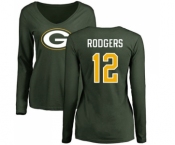 Football Women's Green Bay Packers #12 Aaron Rodgers Green Name & Number Logo Long Sleeve T-Shirt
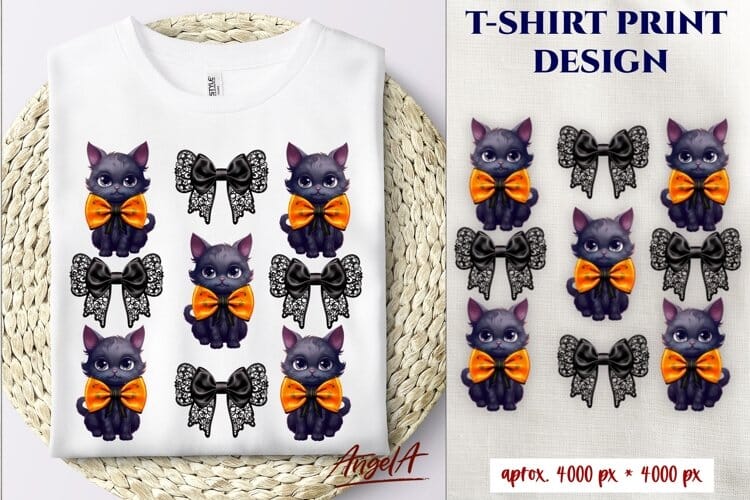 Coquette Bows, cute black cat, halloween sublimation design Sublimation Angelina Semenova 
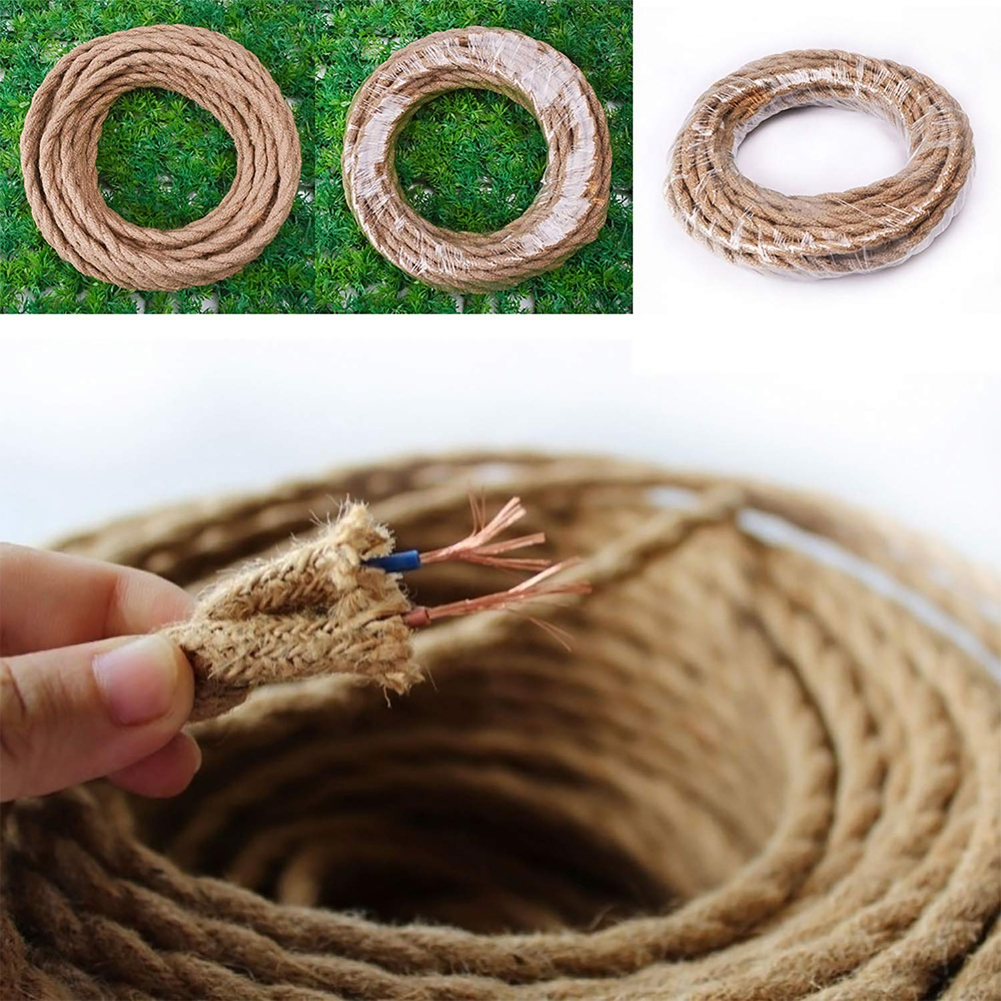 18 Awg Copper Wire Hemp Rope Twisted Cable Braided Industrial Electrical Wire Pendant Lights Lamp Line Vintage Lamp Cord 1/5/10M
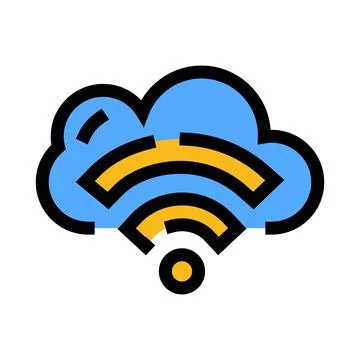Cloud data storing and wireless internet connection concept Stock Illustration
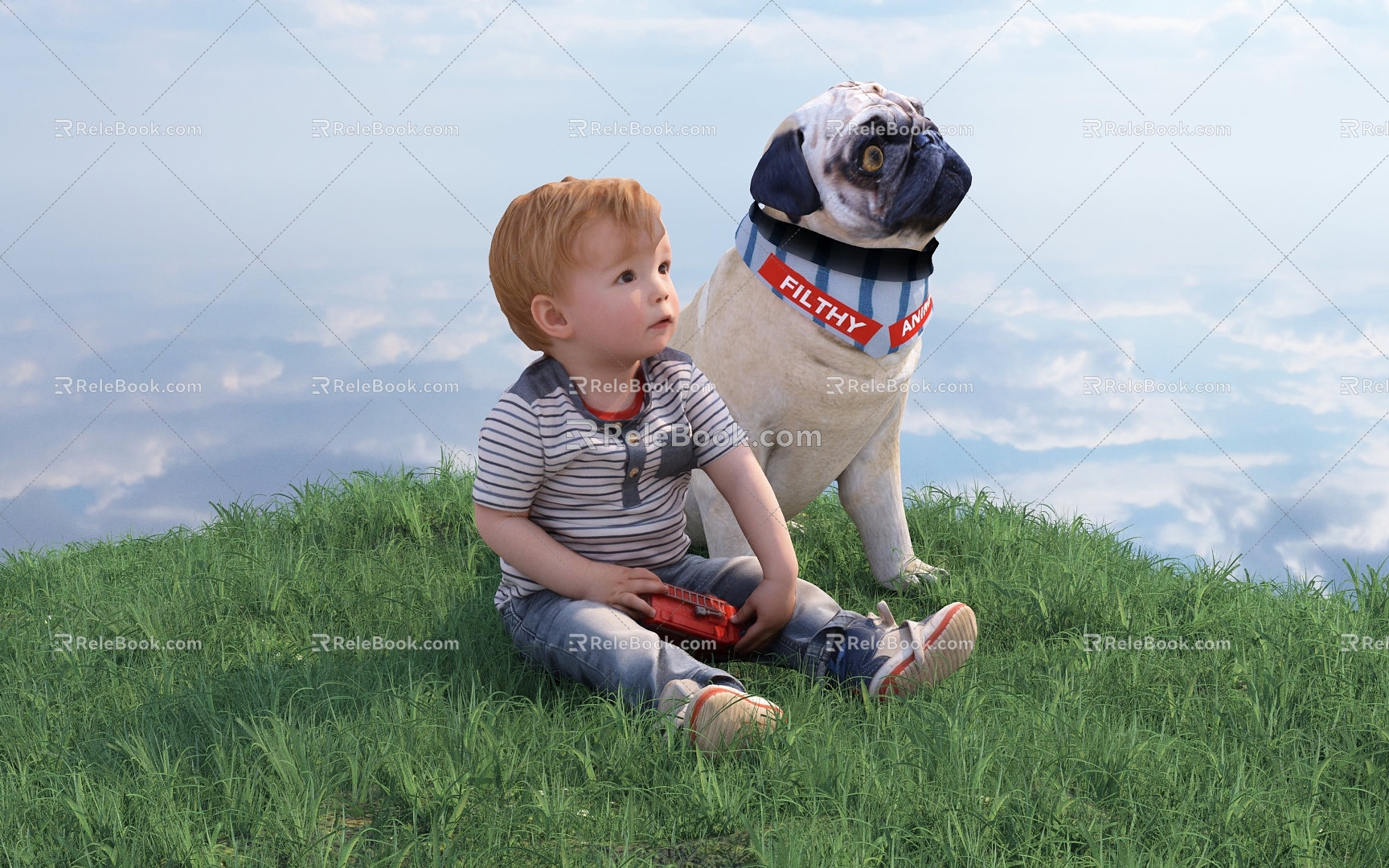 Pug dog pug boy child figure child starling deadbeat dog turf lawn outdoor sky mound scene person 3d model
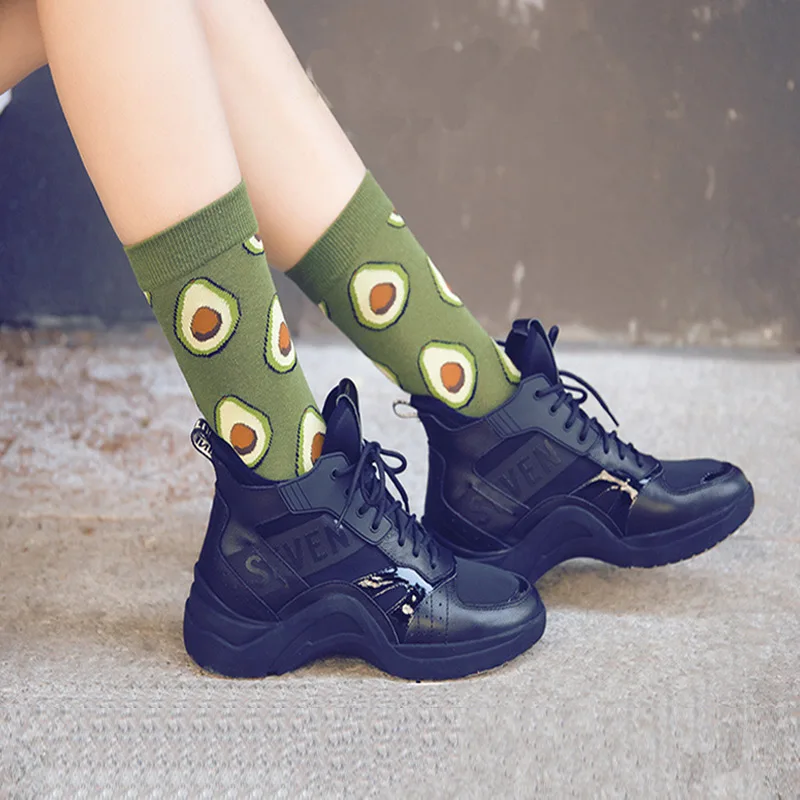 Милые пищевые носки короткие с авокадо омлет гамбургером суши яблочным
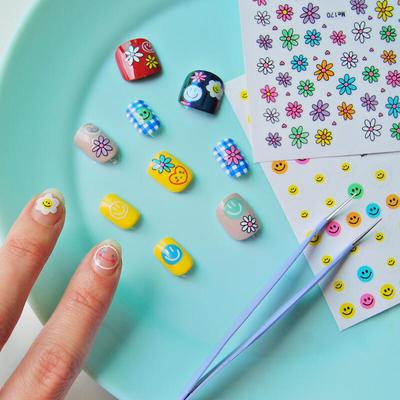 Smile Flower Nail Deco Stickers (11 Types)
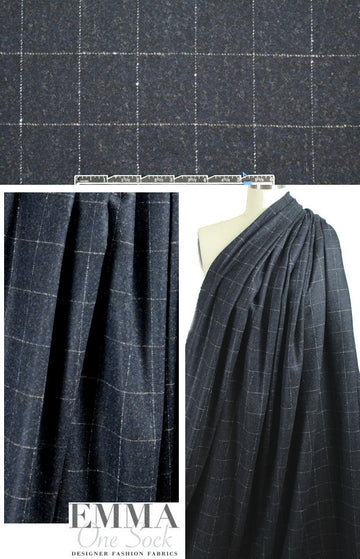 Italian wool/mohair windowpane woven - midnight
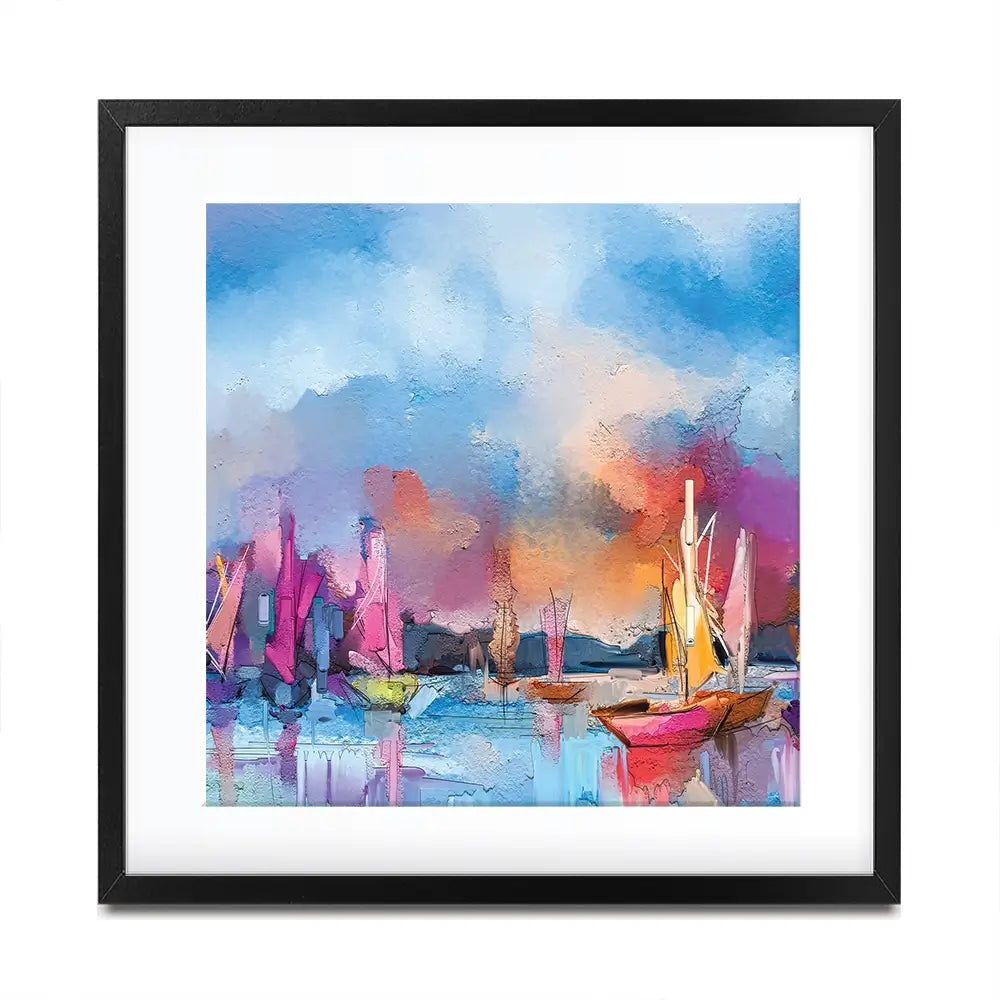 Coloured Boats Square Framed Art Print Coloured Boats Square Framed Art Print wall art product pluie_r / Shutterstock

________

## EXERCISE
Pictures excluded, copy the lines exactly from where the material starts to the line with "18 Awg Copper", inclusive.

## COMPLETED EXERCISE
 Football Women's Green Bay Packers #12 Aaron Rodgers Green Name & Number Logo Long Sleeve T-Shirt
 Coquette Bows, cute black cat, halloween sublimation design Sublimation Angelina Semenova 
 18 Awg Copper Wire Hemp Rope Twisted Cable Braided Industrial Electrical Wire Pendant Lights Lamp Line Vintage Lamp Cord 1/5/10M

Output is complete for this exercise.